2.2.2 Bentuk-Bentuk Aset Tetap
Secara garis besar aset tetap dapat dikelompokkan ke dalam dua golongan yaitu :
1. Aset Tetap Berwujud
Aset berwujud merupakan aset yang diperoleh dalam bentuk siap pakai atau dengan dibangun terlebih dahulu, yang digunakan dalam menunjang kegiatan atau operasi utama perusahaan, dimiliki tidak dimaksudkan untuk dijual dalam rangka kegiatan normal perusahaan dan mempunyai masa manfaat jangka panjang (Santoso, 2009).
Jadi aset tetap berwujud ini mempunyai sifat permanen atau dengan kata lain dapat digunakan dalam jangka waktu yang relatif lama.
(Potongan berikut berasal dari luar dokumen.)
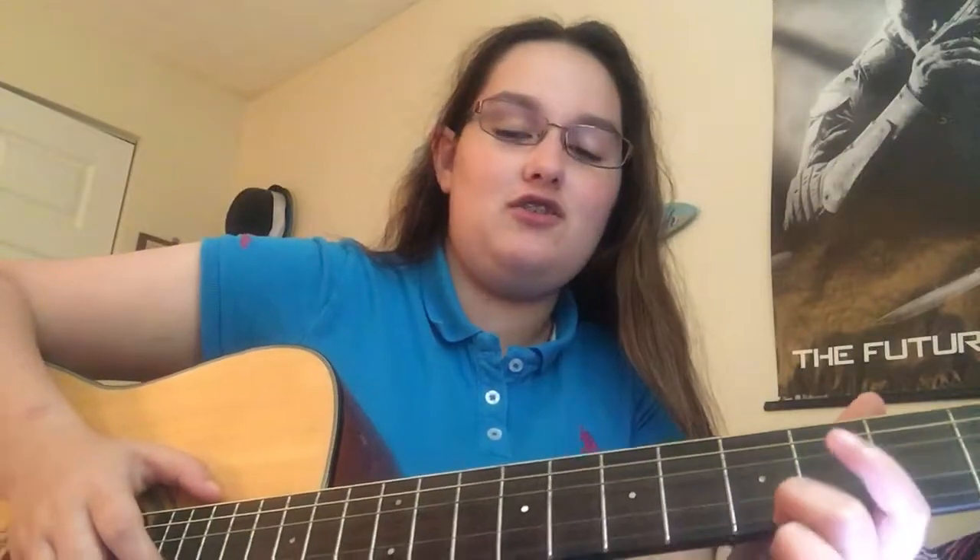Hey, what's going on guys? Sixstring Theory here. Long time no see. What has it been since March since I did a vlog? I'm not sure.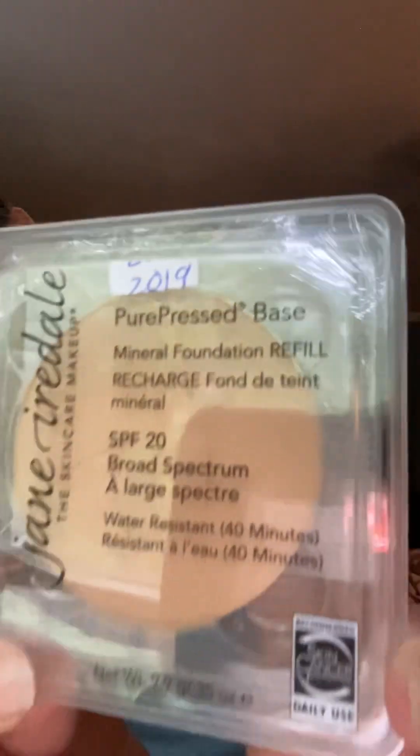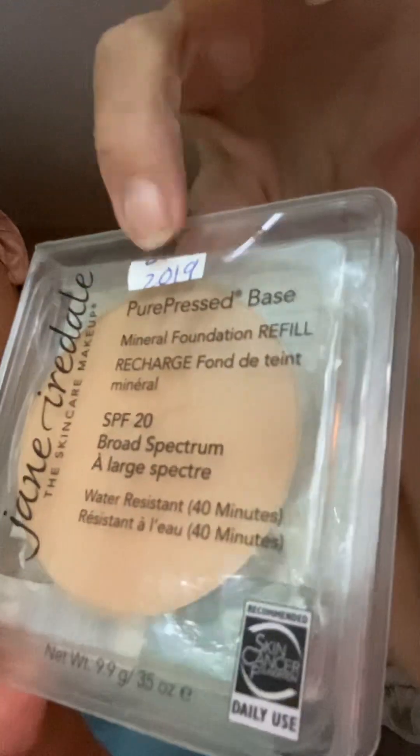I did just apply one layer. I didn't use the one I showed in the other video — this is a slightly different color. The one I showed you was Latte; this is the Riviera, the Jane Iredale pressed. I just have the date on it. I try to use my old ones up first as I stock up on the ones I love when they go on sale or when I find them cheap.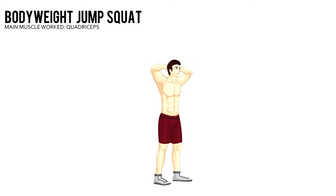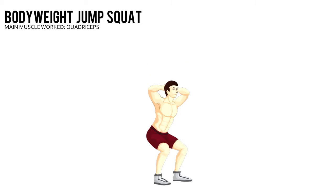Body Weight Jump Squat. Place your fingers on the back of your head and pull your elbows back so they're in line with your body. Dip your knees in preparation to leap. Explosively jump as high as you can. When you land, immediately squat down and jump again.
Aset tetap berwujud ini masih dibagi lagi menjadi :
a. Aset tetap yang umurnya tidak terbatas, seperti tanah
b. Aset tetap yang umurnya terbatas dan apabila sudah habis masa penggunaannya bisa diganti dengan aset sejenis, misalnya: bangunan, mesin, peralatan, kendaraan dan lain-lain.
c. Aset tetap yang umurnya terbatas dan apabila sudah habis masa penggunaannya tidak dapat diganti dengan aset sejenis, misalnya: sumber-sumber alam seperti hasil tambang, hutan, dan lain-lain 2. Aset Tetap Tidak Berwujud
Aset tetap tidak berwujud merupakan aktiva yang menjadi subjek untuk diamortisasikan (Santoso, 2009). Aset tidak berwujud adalah aset non moneter yang dapat diidentifikasi dan tidak mempunyai wujud fisik serta
dimiliki untuk digunakan dalam menghasilkan atau menyerahkan barang atau jasa, disewakan kepada pihak lainnya, atau untuk tujuan administratif (Standar Akuntansi Keuangan, 2009).
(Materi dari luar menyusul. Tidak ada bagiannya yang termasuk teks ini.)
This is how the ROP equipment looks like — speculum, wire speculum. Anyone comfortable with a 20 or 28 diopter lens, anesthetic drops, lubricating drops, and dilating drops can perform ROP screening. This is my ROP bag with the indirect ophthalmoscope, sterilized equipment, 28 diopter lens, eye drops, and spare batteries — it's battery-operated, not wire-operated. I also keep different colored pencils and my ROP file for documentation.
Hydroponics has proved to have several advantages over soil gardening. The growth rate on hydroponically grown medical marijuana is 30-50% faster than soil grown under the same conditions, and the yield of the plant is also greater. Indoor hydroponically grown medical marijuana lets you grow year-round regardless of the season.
2.3 Penyusutan Aset Tetap Berwujud
2.3.1 Pengertian Penyusutan
Penyusutan adalah alokasi yang sistematis dari harga perolehan aset selama periode-periode berbeda yang memperoleh manfaat dari penggunaan suatu aset (Stice, dkk, 2005).
2.3.2 Metode Penyusutan
Jumlah yang dapat disusutkan dialokasi ke setiap periode akuntansi selama masa manfaat aset dengan berbagai metode yang sistematis. Metode manapun yang dipilih, konsistensi dalam penggunaannya adalah perlu, tanpa memandang tingkat profitabilitas perusahaan dan pertimbangan perpajakan, agar dapat menyediakan daya banding hasil operasi perusahaan dari periode ke periode.
2.3.3 Metode Penyusutan Menurut Ketentuan Perpajakan
Metode penyusutan menurut peraturan perpajakan diatur dalam pasal 11 Undang-undang No.7 Tahun 1983 sebagaimana yang telah diubah terakhir dengan Undang-undang Nomor 17 Tahun 2000 tentang Pajak Penghasilan. Metode
penyusutan yang diperbolehkan berdasarkan ketentuan ini adalah :
Dalam ketentuan fiskal metode ini disebut penyusutan dalam bagian-bagian yang sama besar selama masa manfaat yang ditetapkan bagi harta tersebut.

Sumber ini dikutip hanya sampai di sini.